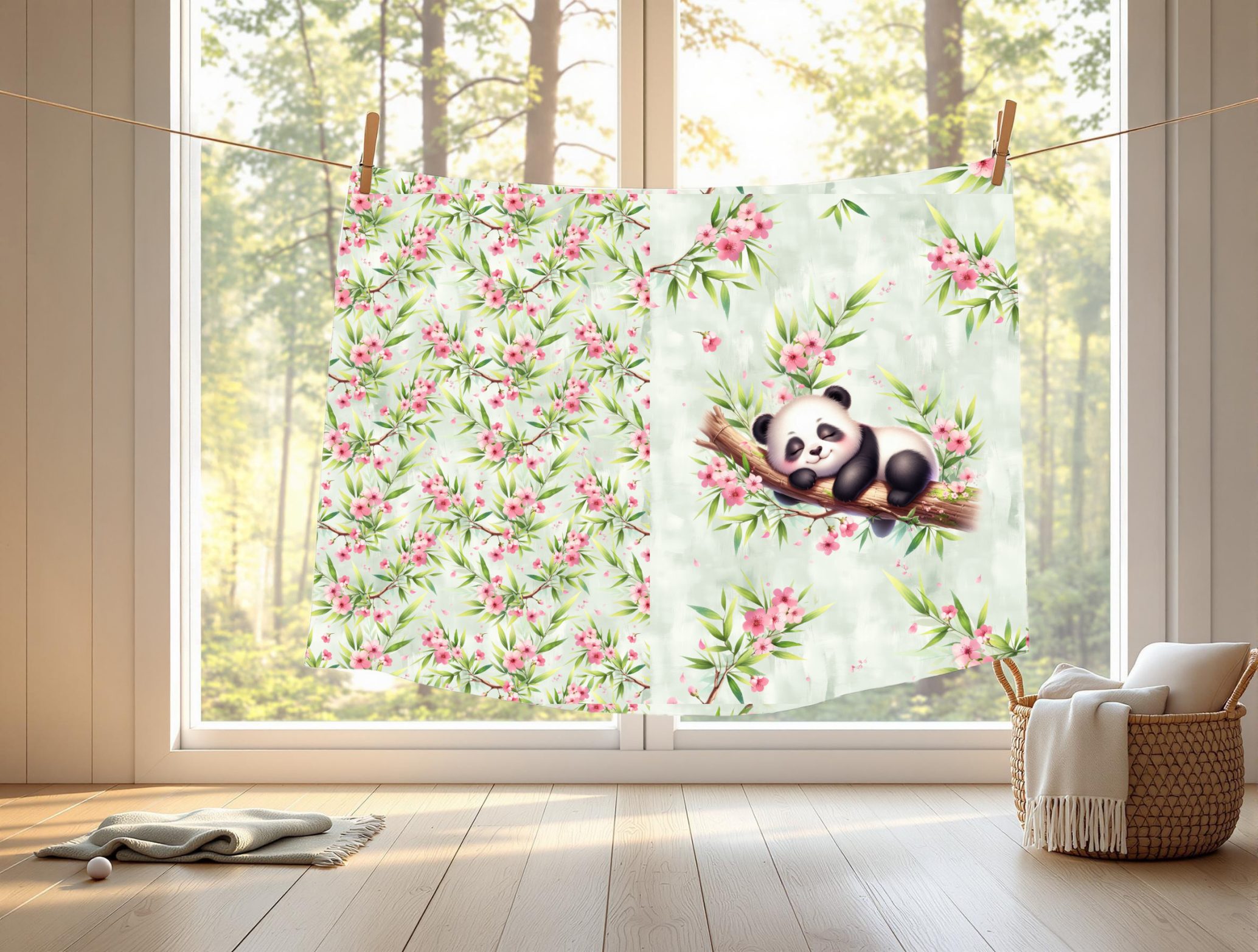 Panda dodo floral rose fond vert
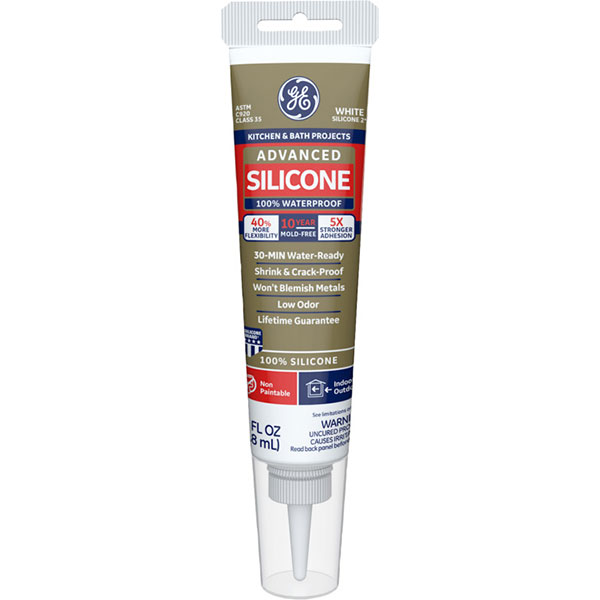 CAULK - GE WHITE SILICONE 2.8 OZ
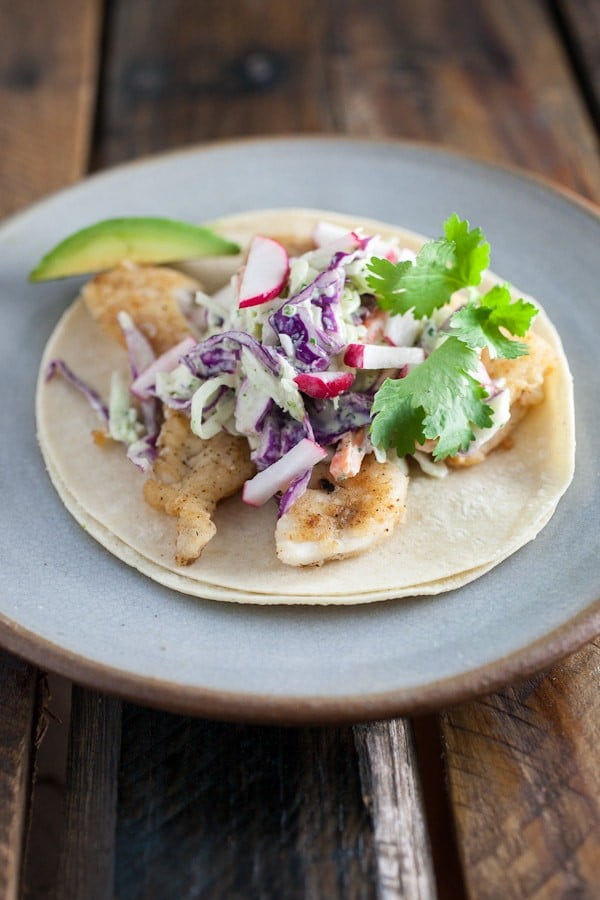 Fish Tacos with Spicy Cilantro Lime Slaw #healthy #mexican #recipe #food #dinner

──────────

* WHAT IS NEEDED:
Except for the pictures, print the data above exactly.

* ANSWER BELOW:
 Panda dodo floral rose fond vert
 CAULK - GE WHITE SILICONE 2.8 OZ
 Fish Tacos with Spicy Cilantro Lime Slaw #healthy #mexican #recipe #food #dinner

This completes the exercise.